[477. {480.}1 Pulinacchaṅkamiya2]

In the past, in a forest grove,
I was a man who hunted deer.
Searching after a vāta-deer,3
I saw [the Buddha’s] walkway [there]. (1) [5025]

Happy, with pleasure in my heart,
taking sand in [my] lap-pocket,
I sprinkled [it] on the walkway
of the Well-Gone One, Splendid One.4 (2) [5026]

In the thirty-one aeons since
I sprinkled that sand [at that time],
I’ve come to know no bad rebirth:
that is the fruit of [giving] sand. (3) [5027]

My defilements are [now] burnt up;
all [new] existence is destroyed.
Like elephants with broken chains,
I am living without constraint. (4) [5028]

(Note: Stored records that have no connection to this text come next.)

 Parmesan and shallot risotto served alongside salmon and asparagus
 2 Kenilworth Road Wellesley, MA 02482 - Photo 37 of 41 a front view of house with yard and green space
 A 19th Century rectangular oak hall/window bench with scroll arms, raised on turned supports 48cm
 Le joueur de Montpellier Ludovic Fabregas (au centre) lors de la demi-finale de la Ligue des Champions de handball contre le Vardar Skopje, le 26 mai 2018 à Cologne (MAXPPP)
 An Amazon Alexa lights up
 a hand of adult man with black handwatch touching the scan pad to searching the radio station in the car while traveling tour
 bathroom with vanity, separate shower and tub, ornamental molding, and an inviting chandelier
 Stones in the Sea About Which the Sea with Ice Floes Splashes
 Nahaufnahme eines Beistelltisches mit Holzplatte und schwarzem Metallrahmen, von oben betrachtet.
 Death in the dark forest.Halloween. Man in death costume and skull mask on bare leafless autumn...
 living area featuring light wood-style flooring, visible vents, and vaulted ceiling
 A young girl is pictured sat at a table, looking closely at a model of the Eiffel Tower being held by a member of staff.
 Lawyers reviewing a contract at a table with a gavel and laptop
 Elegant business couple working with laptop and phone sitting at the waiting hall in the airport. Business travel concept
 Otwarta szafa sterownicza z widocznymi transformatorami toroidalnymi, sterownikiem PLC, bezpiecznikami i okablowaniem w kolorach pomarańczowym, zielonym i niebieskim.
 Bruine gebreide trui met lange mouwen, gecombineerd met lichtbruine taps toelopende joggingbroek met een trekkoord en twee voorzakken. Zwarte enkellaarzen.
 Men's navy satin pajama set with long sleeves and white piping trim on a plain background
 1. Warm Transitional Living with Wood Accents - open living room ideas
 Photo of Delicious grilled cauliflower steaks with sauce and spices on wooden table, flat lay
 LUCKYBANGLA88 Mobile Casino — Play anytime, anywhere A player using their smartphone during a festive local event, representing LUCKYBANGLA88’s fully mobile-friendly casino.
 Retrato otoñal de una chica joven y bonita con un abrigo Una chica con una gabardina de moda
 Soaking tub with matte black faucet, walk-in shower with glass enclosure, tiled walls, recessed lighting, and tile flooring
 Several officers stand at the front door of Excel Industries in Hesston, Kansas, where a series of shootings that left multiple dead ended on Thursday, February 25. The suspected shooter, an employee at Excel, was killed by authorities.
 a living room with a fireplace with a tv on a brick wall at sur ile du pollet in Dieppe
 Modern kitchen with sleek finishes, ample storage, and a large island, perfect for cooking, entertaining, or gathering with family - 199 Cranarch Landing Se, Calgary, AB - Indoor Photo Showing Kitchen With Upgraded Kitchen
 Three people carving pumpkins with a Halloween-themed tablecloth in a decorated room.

Being in Best Buddha’s presence
was a very good thing for me.
The three knowledges are attained;
[I have] done what the Buddha taught! (5) [5029]

The four analytical modes,
and these eight deliverances,
six special knowledges mastered,
[I have] done what the Buddha taught! (6) [5030]

Thus indeed Venerable Pulinacchaṅkamiya Thera spoke these verses.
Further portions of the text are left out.